Crane proportional controller.

Recall that the distance from the beacon for the velocity-controlled crane, in Figure 1, is described by the difference equation

d[n] = d[n-1] + \Delta T \cdot v[n-1],
where d[n] and v[n] are the n^{th} measured distance and controlled velocity respectively. Recall also that if we use the controller as diagrammed in Figure 2 with proportional feedback, then the velocity is given by
v[n] = K_p (d_{in}[n] - d[n]).
where K_p is the proportional gain and d_{in} is the input, or desired, position. And finally, recall that the behavior of crane and controller can be described by
d[n] = (1 - \Delta T \cdot K_p) d[n-1] + \Delta T \cdot K_p \cdot d_{in}[n-1],
to arrive at a first-order LDE with an input, d_{in}.

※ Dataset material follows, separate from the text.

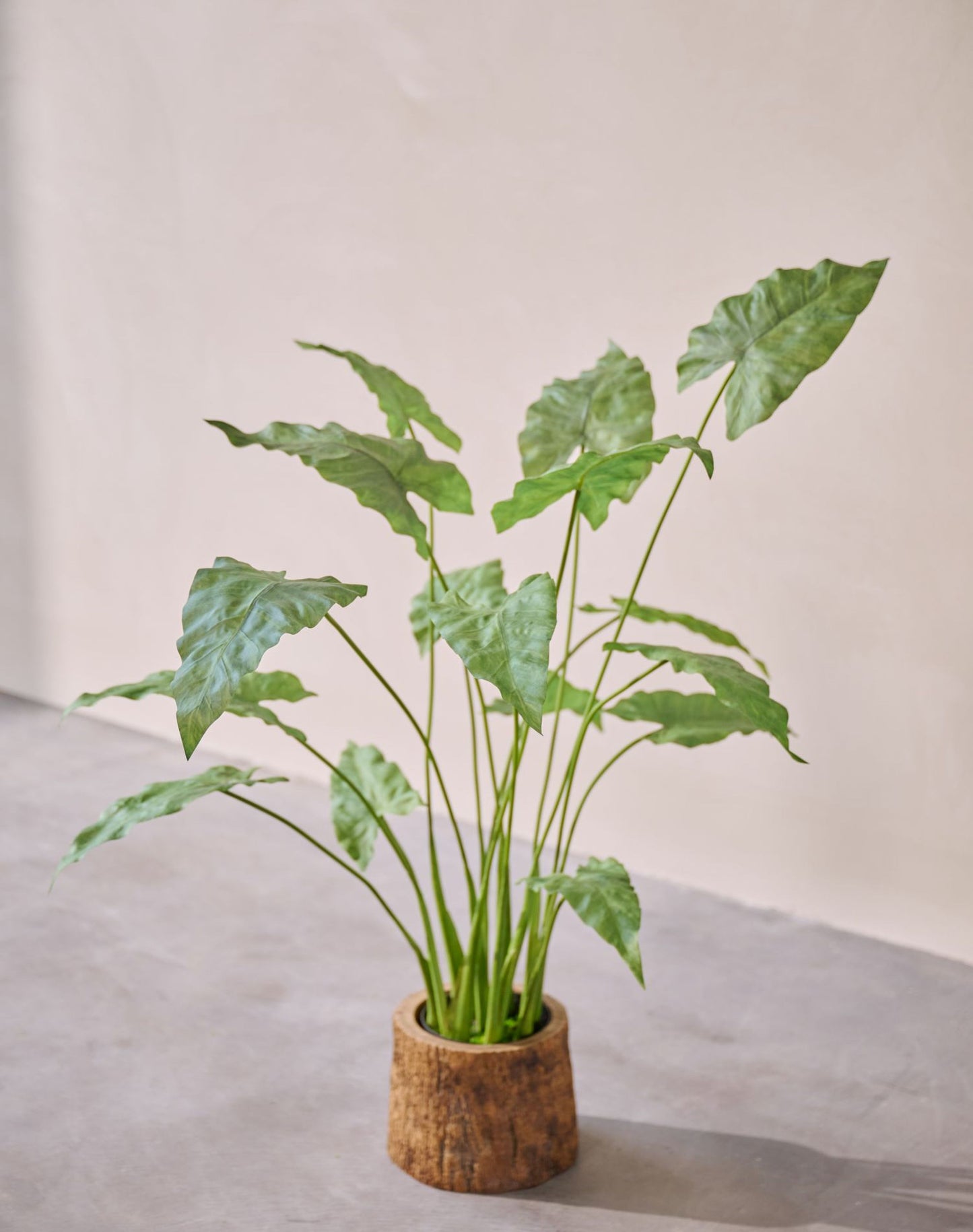 Alocasia pot groen 109 cm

The single natural frequency for the above first-order LDE for d[n] is a simple function of proportional feedback gain, and is given by

\lambda = (1 - \Delta T \cdot K_p).
When determining gains for a control system, a plot of how the natural frequencies change with feedback gain is often easier to generate than an explicit functional form, and often lends more insight. We show such a plot of natural frequency versus gain in the figure below.

The points in the plot below are the natural frequencies for different gains for the above system. Note that the plot shows the natural frequencies as points in the complex plane (x-axis for real, y-axis for imaginary), even though they are real for first-order systems. This is because, as we have already seen for the case of second-order systems, natural frequencies are the roots of a system-specific polynomials, and in general are complex. Also, we refer to the plots like Figure 3 as a root-locus plots, because the curves in the plots are formed from the "locus" of roots of the polynomials generated by sweeping a system's feedback gain from zero to infinity. Finally, root-locus plots for discrete-time systems often explicitly denote the unit circle |\lambda| = 1, because a system with a natural frequency outside the unit circle is unstable.

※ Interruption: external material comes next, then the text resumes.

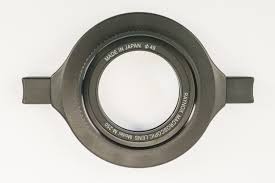 Attēlu rezultāti vaicājumam “Diderma roanense macro”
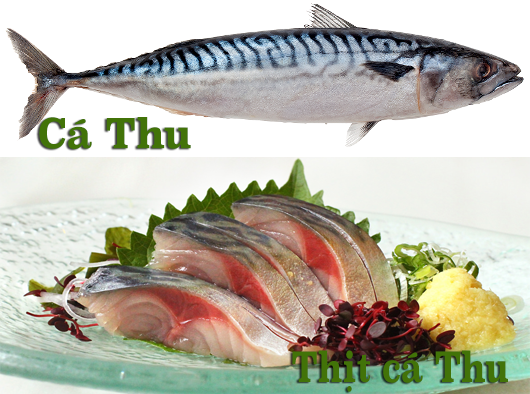 Những Loại Cá Ăn Sống Được: Lợi Ích Và Cách Chế Biến An Toàn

Root Locus For Crane with Velocity control.

The arrows in the red curve of Figure 3 show the path of the natural frequency with increasing gain. As the plot shows, with increasing gain, the natural frequency moves from close to one, towards zero, then towards negative one, and finally outside the unit circle. The step responses for the system, in Figure 4, show the same trend with increasing gain. As the gain rises, the transient becomes faster and faster as the natural frequency approaches zero, and when it passes zero and becomes negative, the step response becomes oscillatory. For even larger gains, the system becomes unstable.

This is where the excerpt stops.